I'm trying to prove this lemma: The roots of $P(x)*Q(x)$ is the union of the roots of $P(x)$ and $Q(x)$ for all $x$.
It's trivially true, which is why I find it hard to prove. Let $r(x) = P(x)*Q(x)$. When you completely factor $r(x)$, you will get a root in the set of roots of either $P(x)$, $Q(x)$ or both. But I'm not sure how to prove that more rigorously.
Any help would be appreciated!
This is actually true for any pair of real-valued functions $f, g$ with the same domain in $\mathbb{R}$. (In fact, I think it's true for any two maps from a given set into an integral domain.)

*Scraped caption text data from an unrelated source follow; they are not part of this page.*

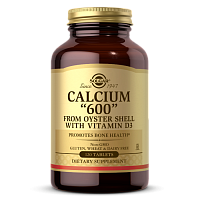 Calcium "600" with vitamin D3 (Кальций из устричных раковин) 120 таблеток (Solgar)
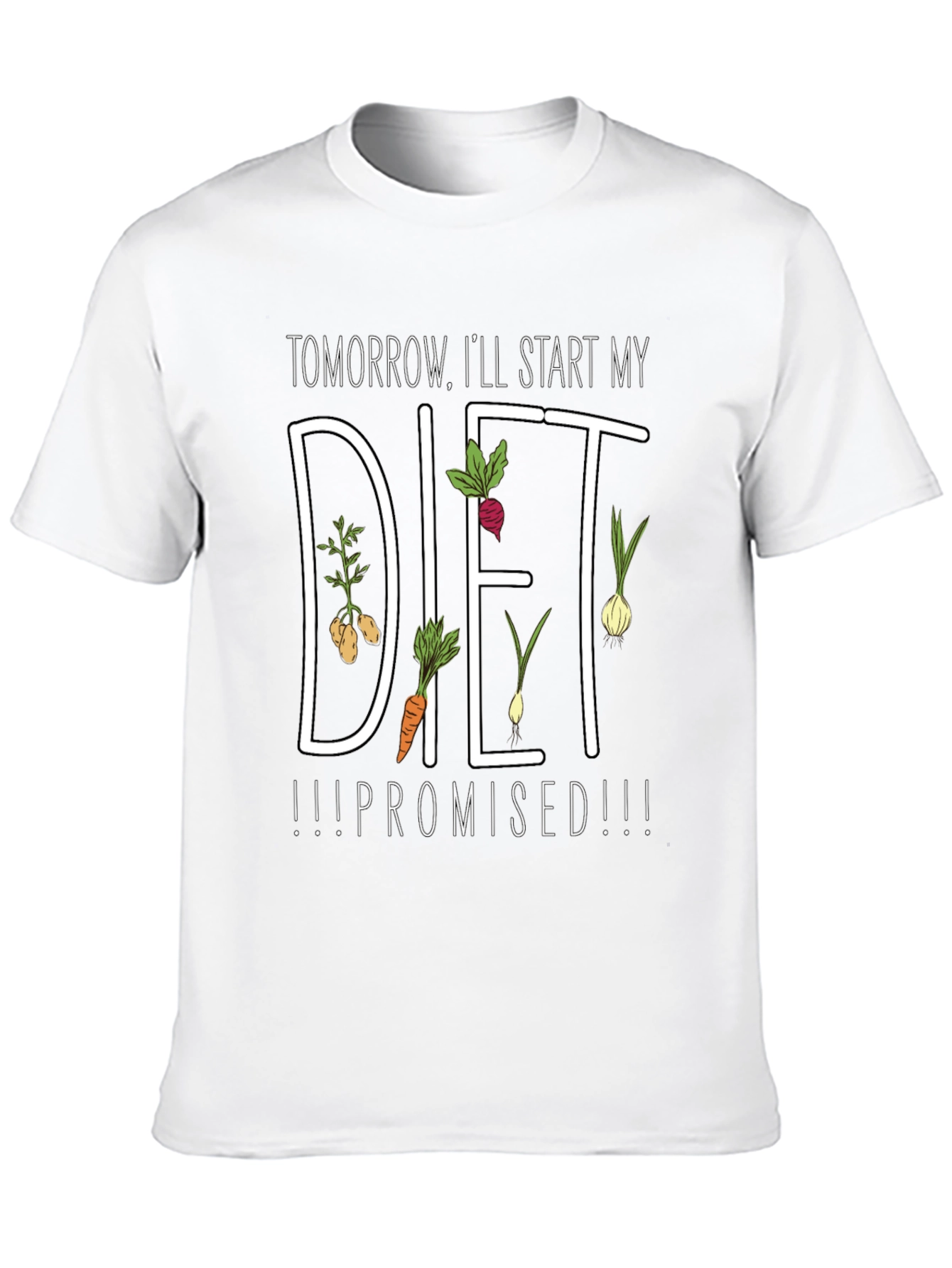 Black Tomorrow I'll Start My Diet T-Shirt view 10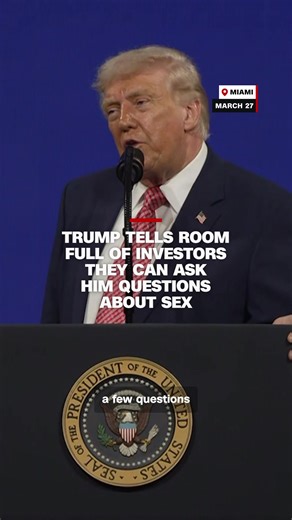 President Donald Trump told investors that they could “talk sex” as he opened for questions after delivering his remarks at the FII Priority Summit conference in Miami on Friday. #cnn #news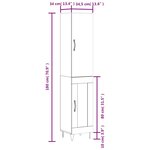 vidaXL Buffet haut Sonoma gris 34 5x34x180 cm Bois d'ingénierie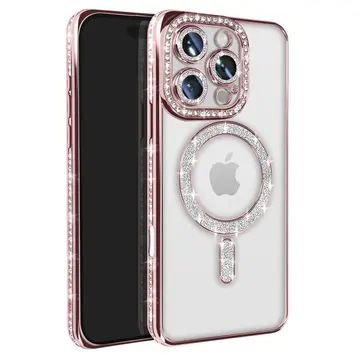 İphone 16 Pro Max Kılıf Joke Simli Magneticsafe Kılıf - Pembe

Let $R$ denote the set of roots of $f$, $S$ the set of roots of $g$, and $T$ the set of roots of $fg$. We must show that $R \cup S = T$, and to do this we can show that both $R \cup S \subseteq T$ and $R \cup S \supseteq T$.

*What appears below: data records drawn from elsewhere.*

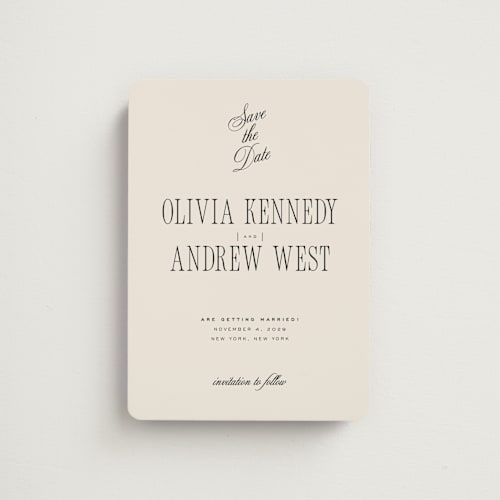 This is a almond save the date magnets with standard by Eric Clegg called modern romance printing on magnet paper in magnet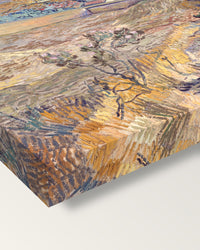 Enclosed Field with Peasant by van Gogh on stretched canvas, corner close-up: the painting mirror-wrapped round the sides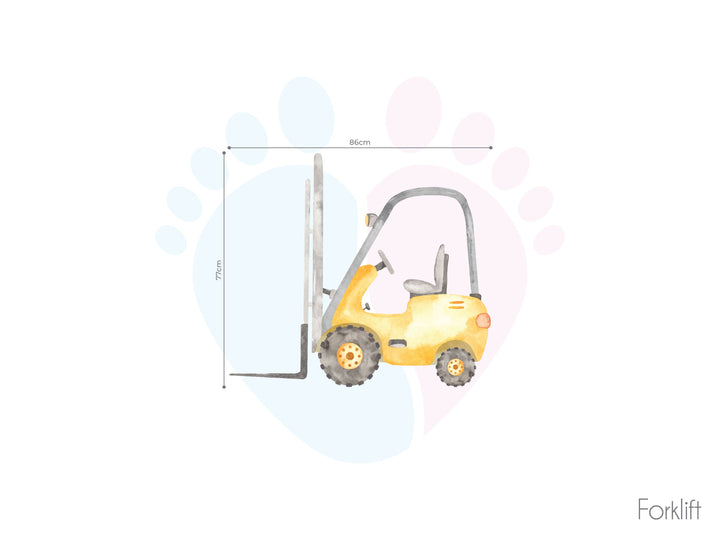 Gigantic Construction Wall Sticker Featuring Detailed Fork Lift Dimensions Near a Dump Truck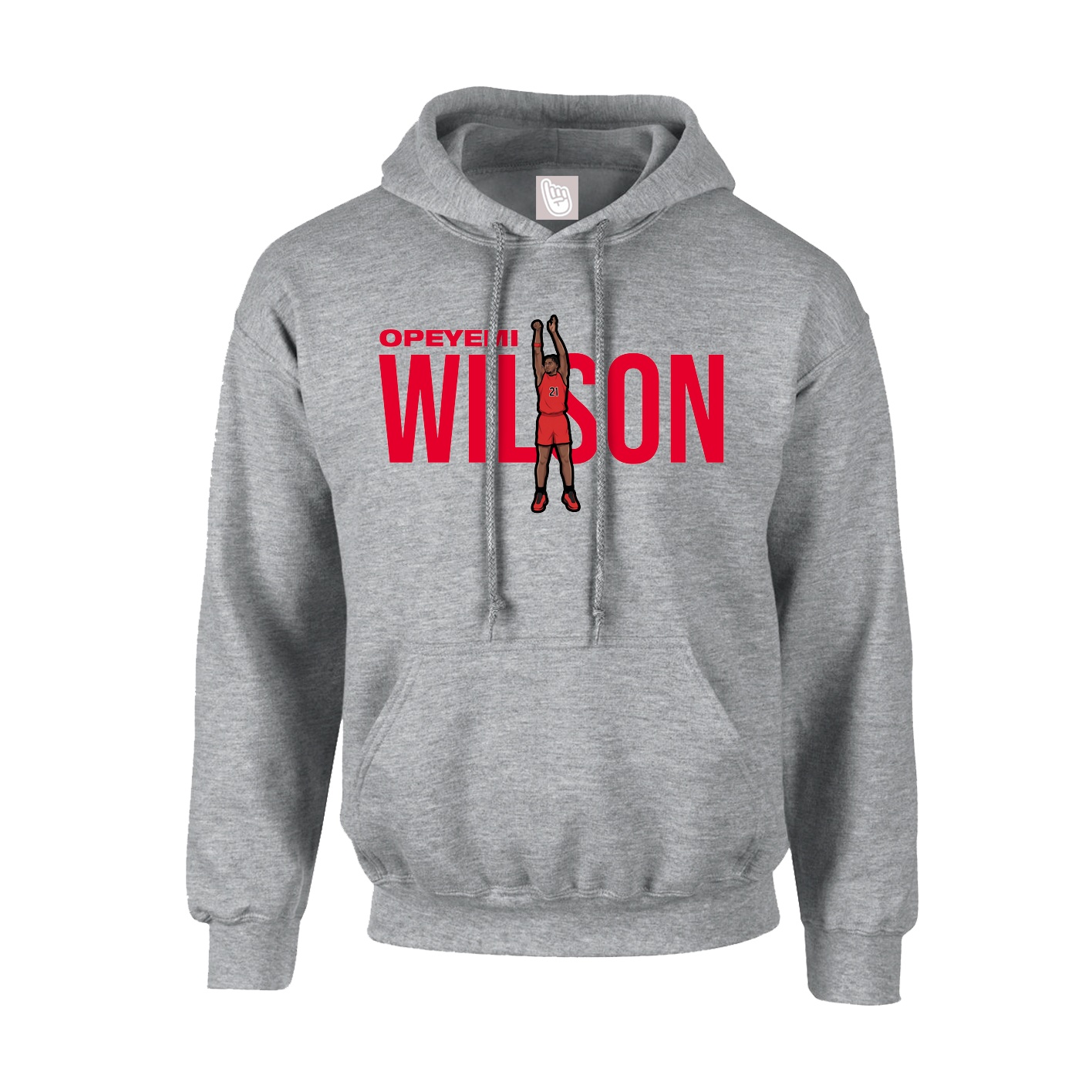 Hoodie — Player Name in Grey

To show the containment $\subseteq$, suppose $r \in R \cup S$. Then, $r \in R$ or $r \in S$; if it is in $R$, then by definition $f(r) = 0$ and so $$(fg)(r) = f(r)g(r) = 0 \cdot g(r) = 0,$$ that is, $r \in T$; by symmetry $r \in S$ leads to the same conclusion.
Can you see how to handle the reverse containment $\supseteq$?